# LX279 Voltage "Problem"



## MrMac (Feb 27, 2016)

Hi, I have a John Deere LX279 with a 17HP Kawasaki water cooled engine.
I've been having trouble with the battery light coming on, or not going off, at various times during use.
I have a brand new battery in which shows 13.1 volts before starting. After starting, and with the battery light on, the battery shows 14.5 volts at engine idle. Still with the battery light on, and the engine running at full throttle, the battery shows 17.3 volts.
Moving the Voltage Regulator connector around will usually make the battery light go out, but not always.
I'm assuming this is the Voltage Regulator, it's located on the left hand side of the engine compartment, just in front of the steering console.

Is 17.3 volts within spec or do I have something going on here?

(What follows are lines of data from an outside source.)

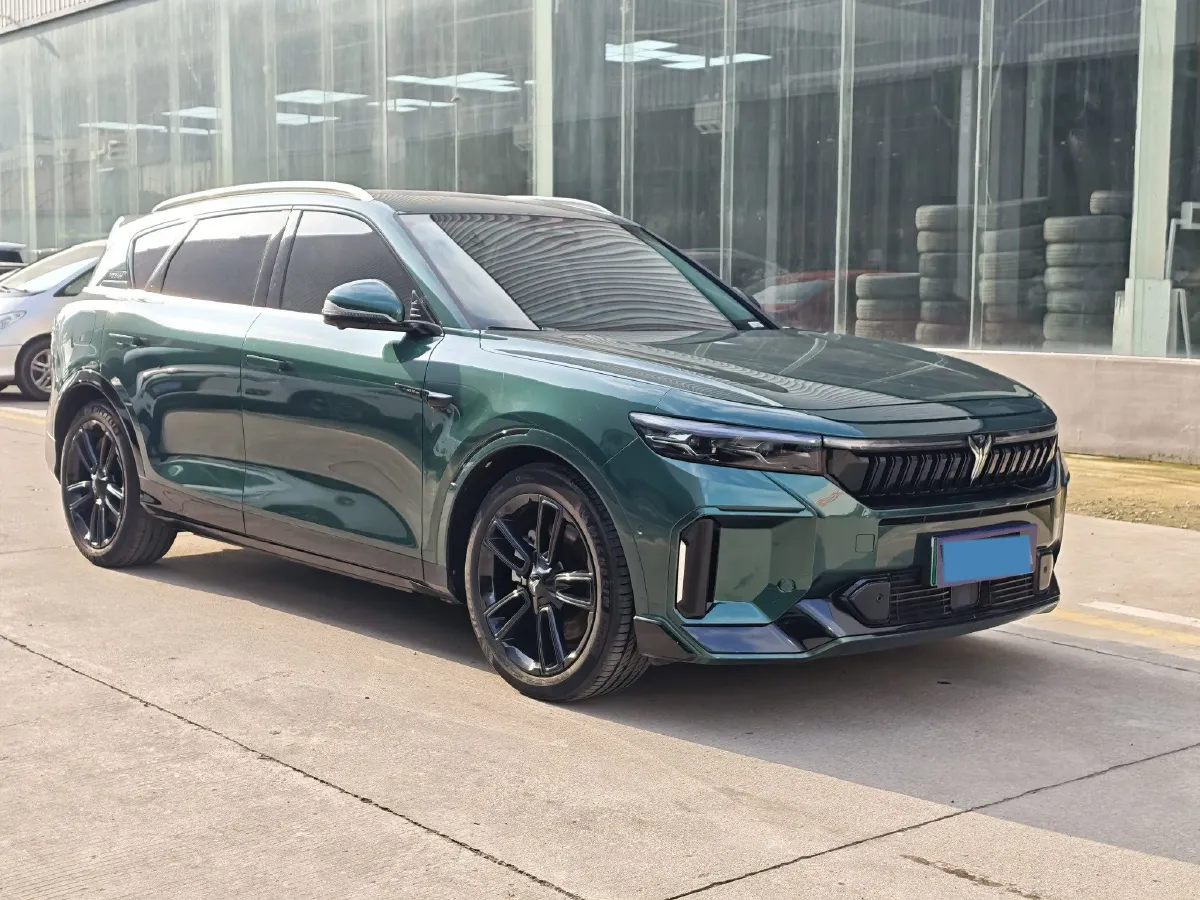 2024 Voyah FREE 1.5T 150HP L4 REEV 39.2KWH,autocango,china used car exporter,china ev exporter,chinese used car exporter,chinese used ev exporter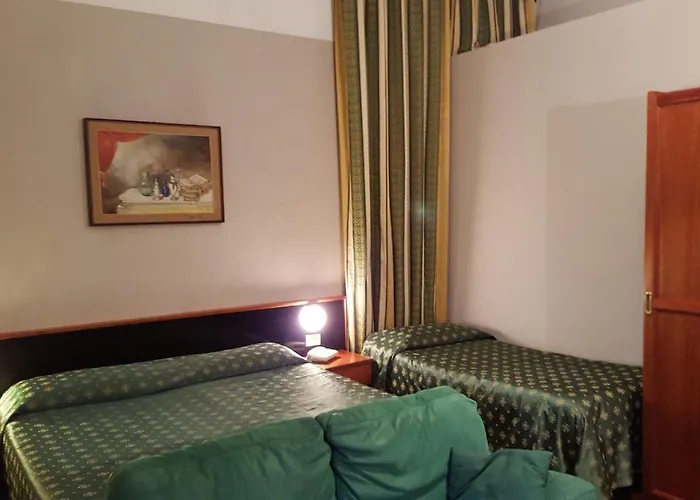 Hotel Economici a Genova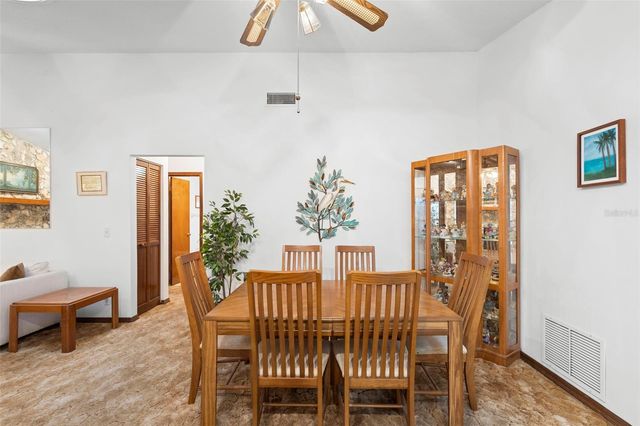 646 YUPON AVENUE, New Smyrna Beach, FL 32169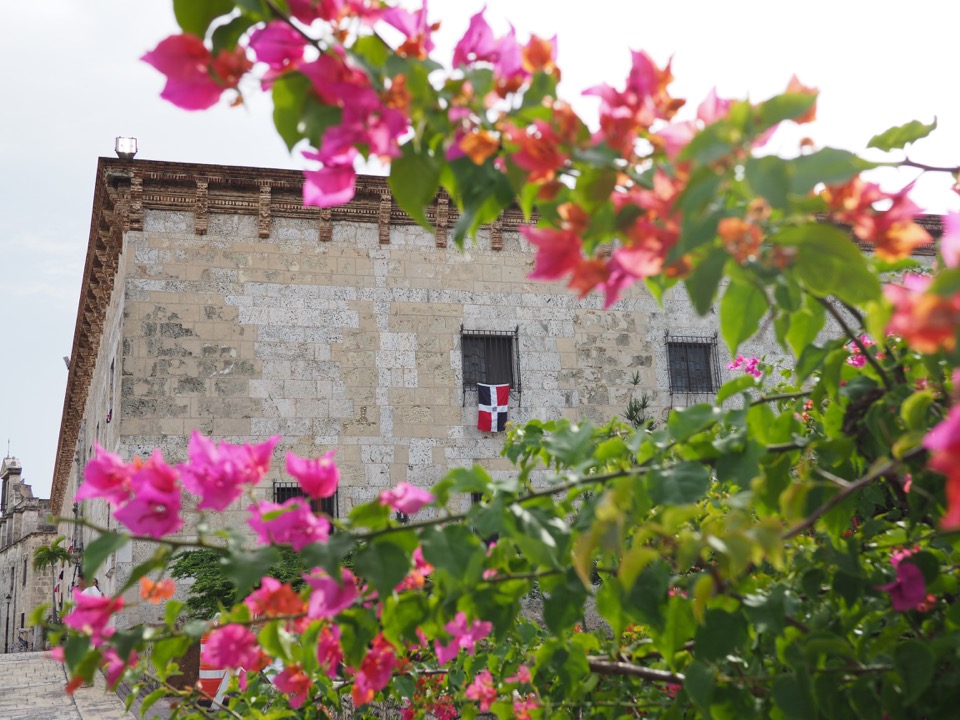 itinéraire en République Dominicaine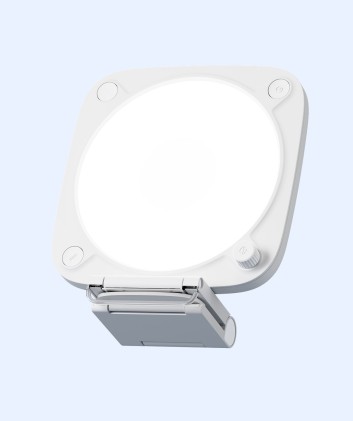 Elgato 10LAJ9901 luce da lavoro Bianco LED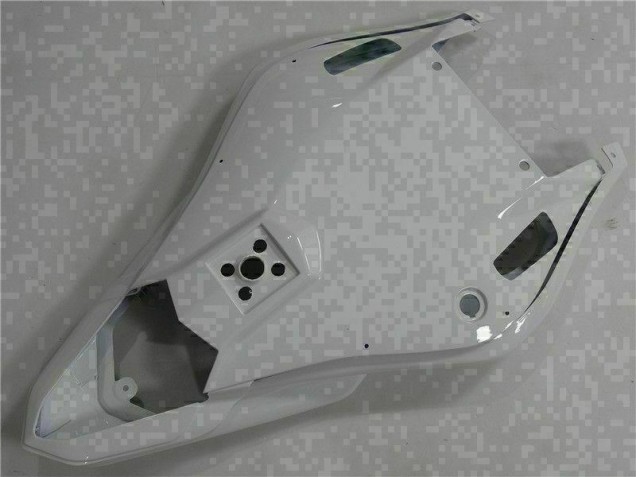 Rosso Bianco Kit Carene Yamaha R6 2006-2007 Rosso Bianco Kit Carene Yamaha R6 2006-2007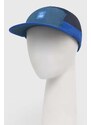Ciele Athletics șapcă GOCap - C Plus Box culoarea bleumarin, cu model CLGCCPB.LT002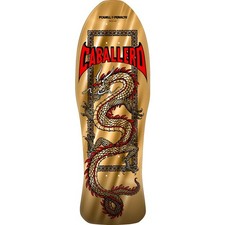 Powell Peralta Caballero Drago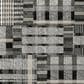 Oriental Weavers Atlas Geometric 752C0 6"7" x 9"6" Black and Gray Area Rug, , large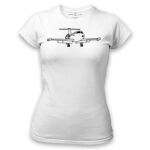 Women's Tshirt Thumbnail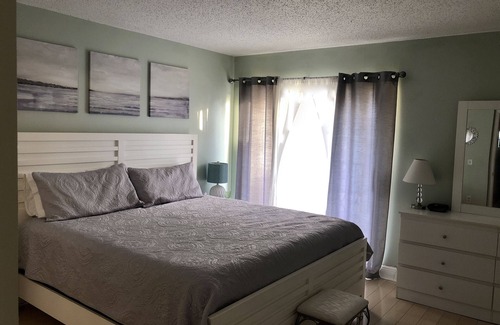 Indian Shores House | Family-friendly beach townhouse, Flexible Check-in dates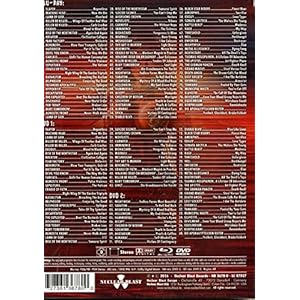 Monsters of Metal, Vol. 10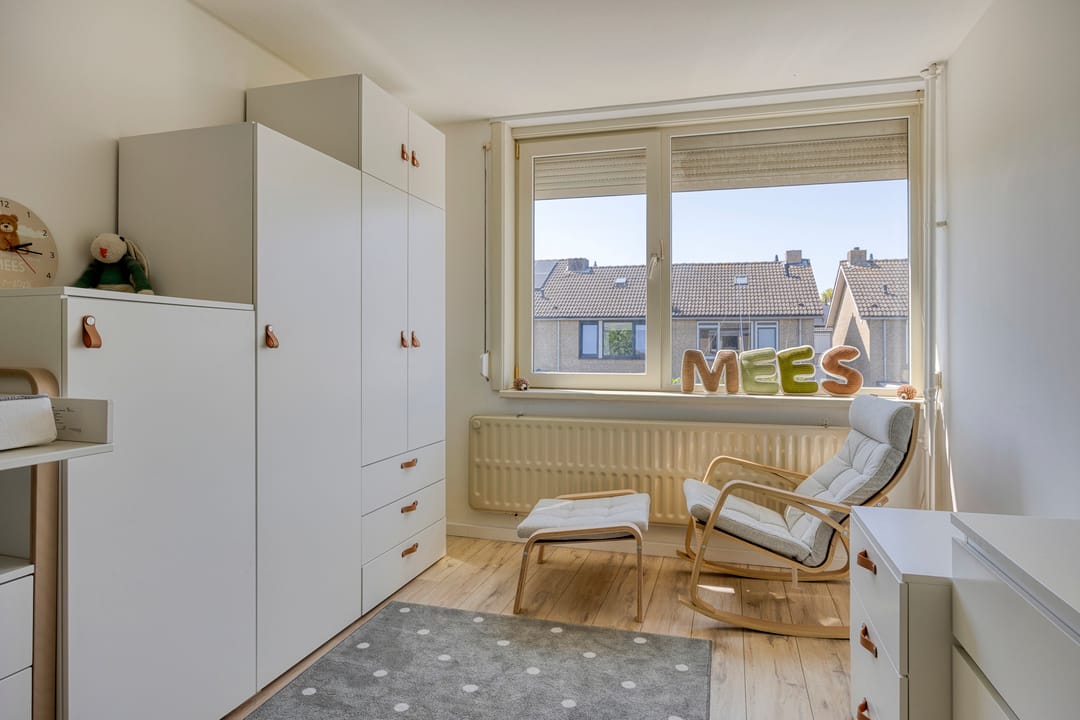 Photo 26 of Schuivenoord 122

Thanks for taking the time to look and, hopefully, answer

P


----------



## Fedup (Feb 25, 2014)

The 14.5 sounds good, the 17.3 does not. Pretty much anything above 15 or 15.2 can damage a battery if run at that point for very long. If you do indeed have an external regulator, I suggest you replace it and see what that does.


----------



## MrMac (Feb 27, 2016)

Thank you, I appreciate your time.

I'll try to confirm what the suspected piece actually is and, if it's the VR then I'll replace it.

Thanks again
P


----------